When it comes to good health, there’s one D that is vital to your health — vitamin D. It helps our body absorb and use calcium to build and maintain bones and teeth, and interacts with our immune system, muscle and nerves to maintain our health.

As we age, our risk of osteoporosis (bone thinning) increases because we decrease our ingestion of milk and other foods fortified with calcium and vitamin D. But, our bodies provide us with vitamin D by producing it when our skin is exposed to ultraviolet light (vitamin D is called the “Sunshine” vitamin). We are fortunate to live in Arizona, as we are blessed with more than adequate sunshine year-round. Our relatives in Northern climes may not be able to produce vitamin D during the cloudy winter months when they’re either sitting inside or are outdoors bundled up with very little skin exposure. Fortunately, these folks should be fine during the winter as long as they maintain a good diet, which brings us to vitamin D content and supplementation of food, and the use of multivitamin tablets.
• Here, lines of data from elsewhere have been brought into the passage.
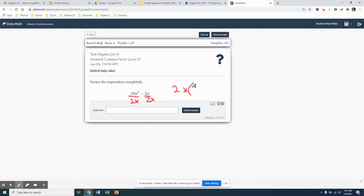Now 10 divided by 2 gives me a 5. x to the 5th divided by x is going to give me an x to the 4th. So that's going to be an x down in the denominator. When I divide by that x, that x to the 5th goes down by 1, becomes x to the 4th. And then if I divide 2x by 2x, that's just going to be a 1.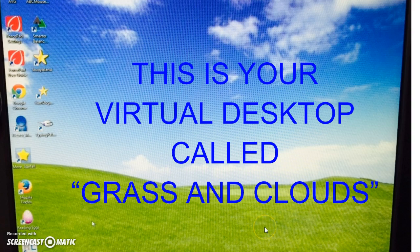Once you log in, you will see grass and clouds. This is what we call your virtual desktop.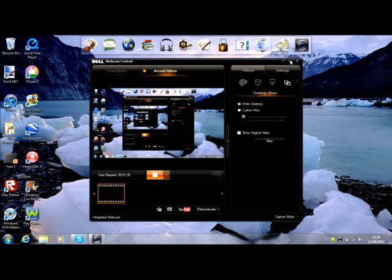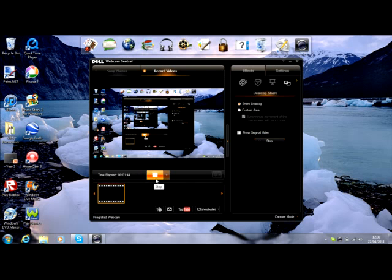Make sure you have Webcam Central, not Webcam Center, because if you have an older Dell laptop it might not work. You need Windows 7 too. So thanks for watching, Johnny Back 2114.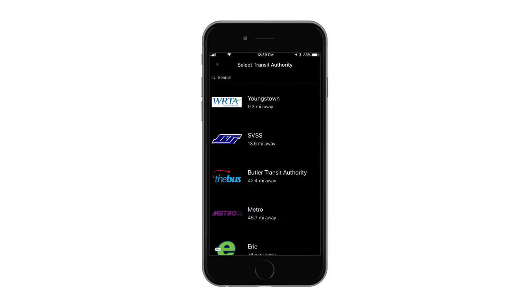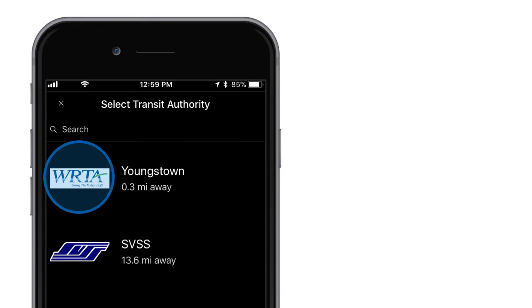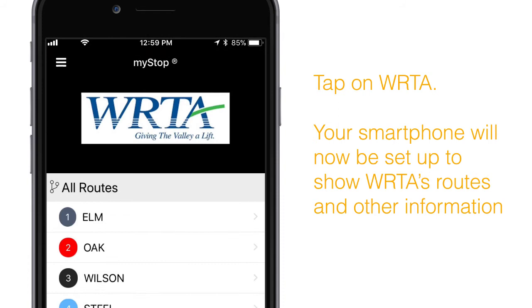You can swipe through these screens if you like or tap on Skip. Six, you'll now see a list of several transit systems. If your smartphone has location services enabled, WRTA Youngstown should be at the top of that list. Seven, tap on WRTA. Your smartphone will now be set up to show WRTA's routes and other information.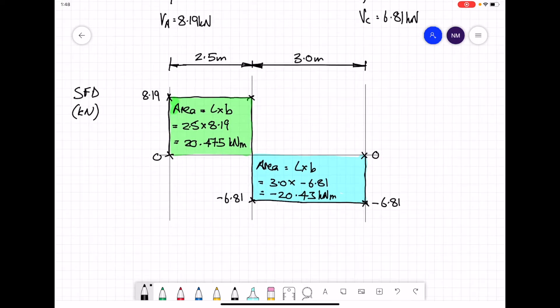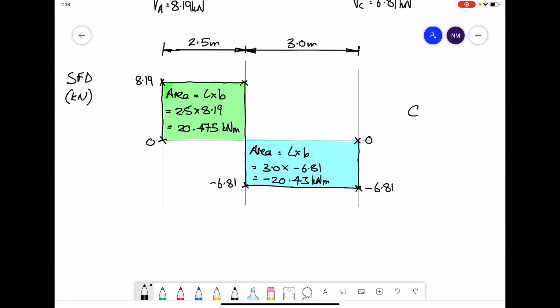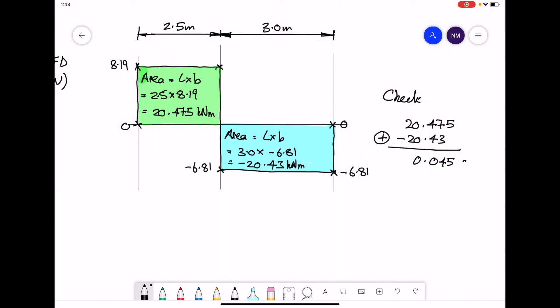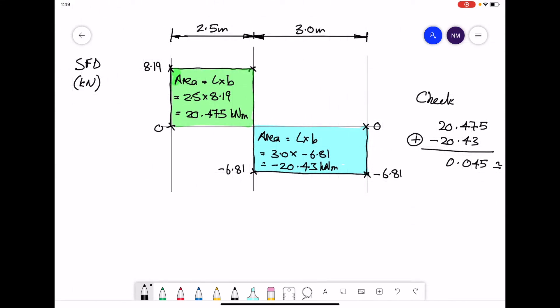Before drawing the bending moment diagram, we do a quick check. If our math is correct, adding the areas on the shear force diagram together — the positive green and negative blue — should give zero. They give a very small number essentially equivalent to zero; the minor discrepancy is due to rounding of numbers.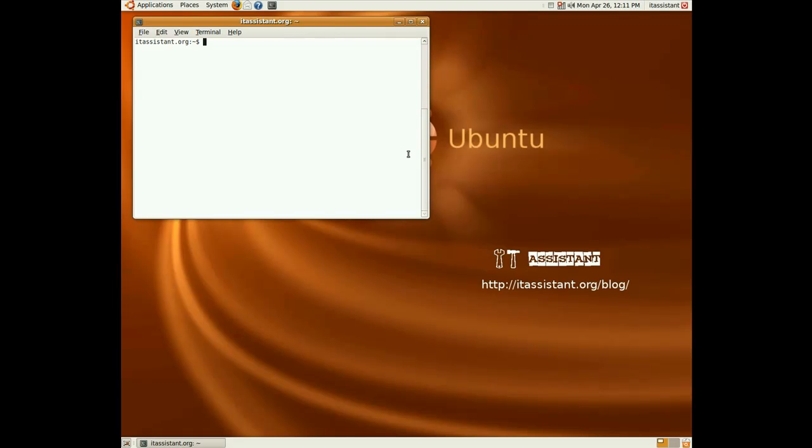Here I'm using Ubuntu so the default command to set up a new connection would be pppoeconf. And we also need administration rights so add a sudo before it.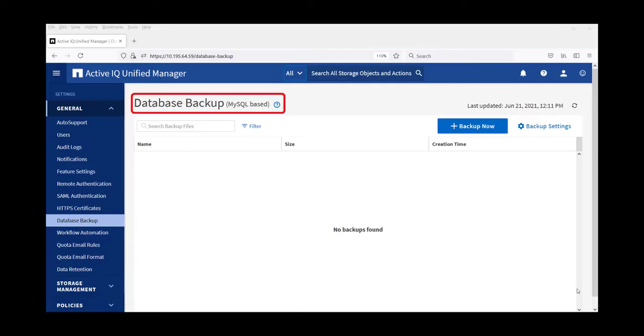By default, the unified manager backup method is MySQL-based backups. These backups were found to be inefficient and often took too long for backing up and restoring the data.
When considering taking vitamin D to supplement your diet, be sure to include calcium-containing foods, use current guidelines for recommended dietary allowance and read the labels. For most adults, at least 600 IUs (International Units) of vitamin D each day will maintain bone health. Those age 70 and older need as much as 800 IUs daily. Foods, of course, are excellent sources of vitamin D. A serving of cold water fish (only 3 ounces of salmon or tuna) may have 300-400 IUs, and foods fortified with vitamin D, such as cereals and milk (milk or fortified orange juice, can provide 100 IUs per cup).

Women have recognized that during perimenopause and menopause there may be accelerated bone loss leading to the risk of osteoporosis. Combine this with aging, decreased vitamin D and calcium intake and decreased estrogen production, and the stage is set for osteoporosis. Interestingly, in the last 20 years, studies have demonstrated that men had a decrease in their levels of vitamin D, while women have shown no decline. This is probably due to women heeding the dietary recommendations and increasing their use of calcium and vitamin D supplementation.
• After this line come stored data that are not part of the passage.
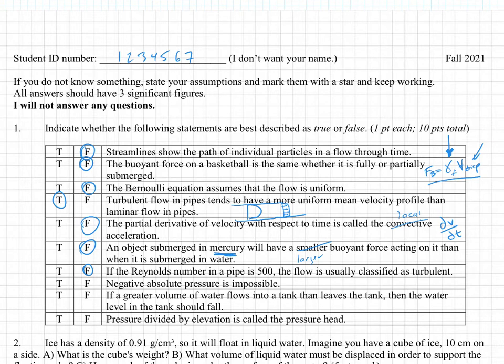Negative absolute pressure is impossible. This is true. You can get negative gauge pressure because gauge pressure is relative to atmospheric pressure. So you can go below atmospheric pressure, but you can't go below zero absolute. That means you've got negative molecules in there, which can't exist.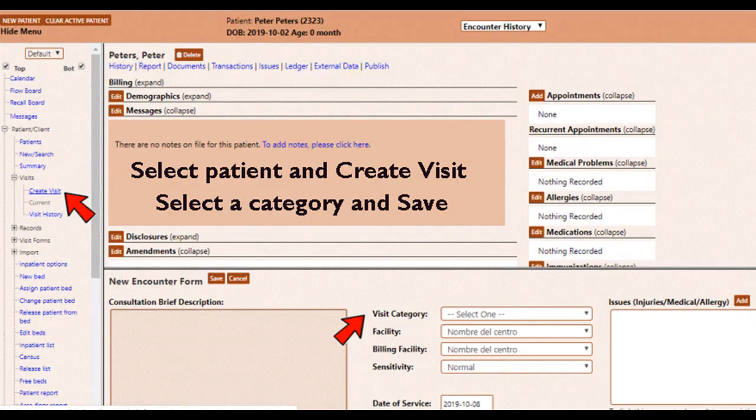The encounter requires a selected patient, the create encounter option, and the category of the encounter.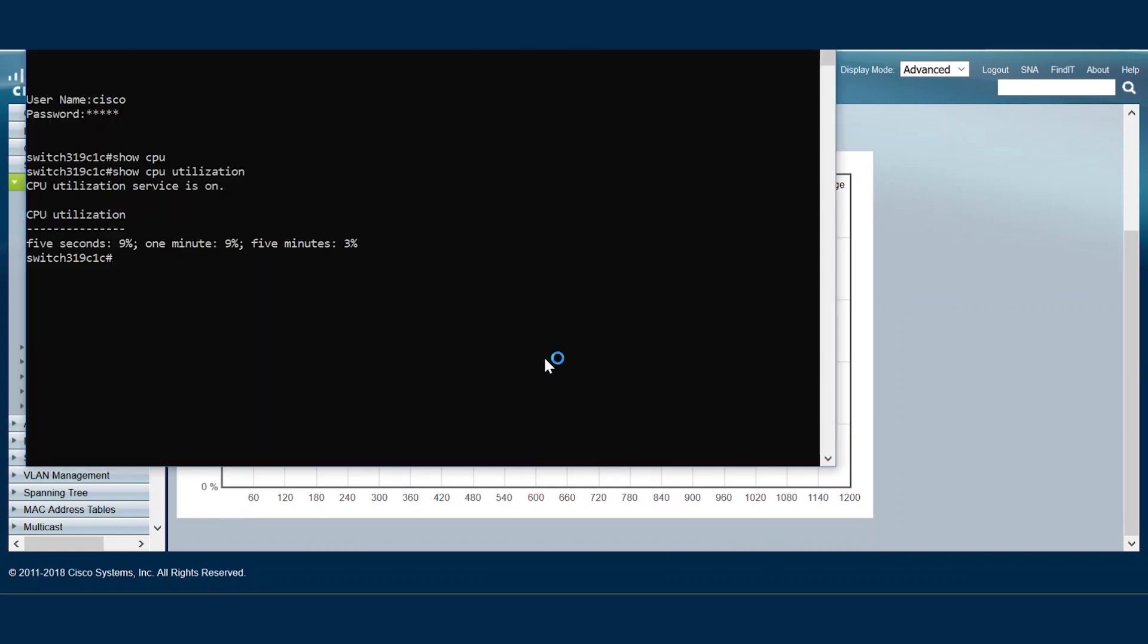On the CLI interface, we can type the command under privileged exec mode, show CPU utilization, to see the output for CPU in quantities of 5 seconds, 1 minute, and 5 minutes.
Now, about that sunshine.  Skin types (dark skin vs. fair), aging, smog, cloud cover, use of sunscreens, as well as the risks of sun exposure, make it next to impossible to reassure someone that he or she will safely produce sufficient vitamin D. Instead, it is recommended that you limit your sun exposure, without sunscreen, to your face, arms back and legs for 5-10 minutes, twice a week between the hours of 10 a.m. and 3 p.m.  But, remember that the sun’s rays can damage skin and cause skin cancer. Beware of thinking that if a little is good for you, a lot may be better, as that is surely not the case.

If you’re healthy, eat a well-balanced diet and spend at least a little time outdoors each week, you’re probably just fine. If you have questions, be sure to talk to your doctor about vitamin D and calcium supplements before you begin taking any because too much of anything can be harmful.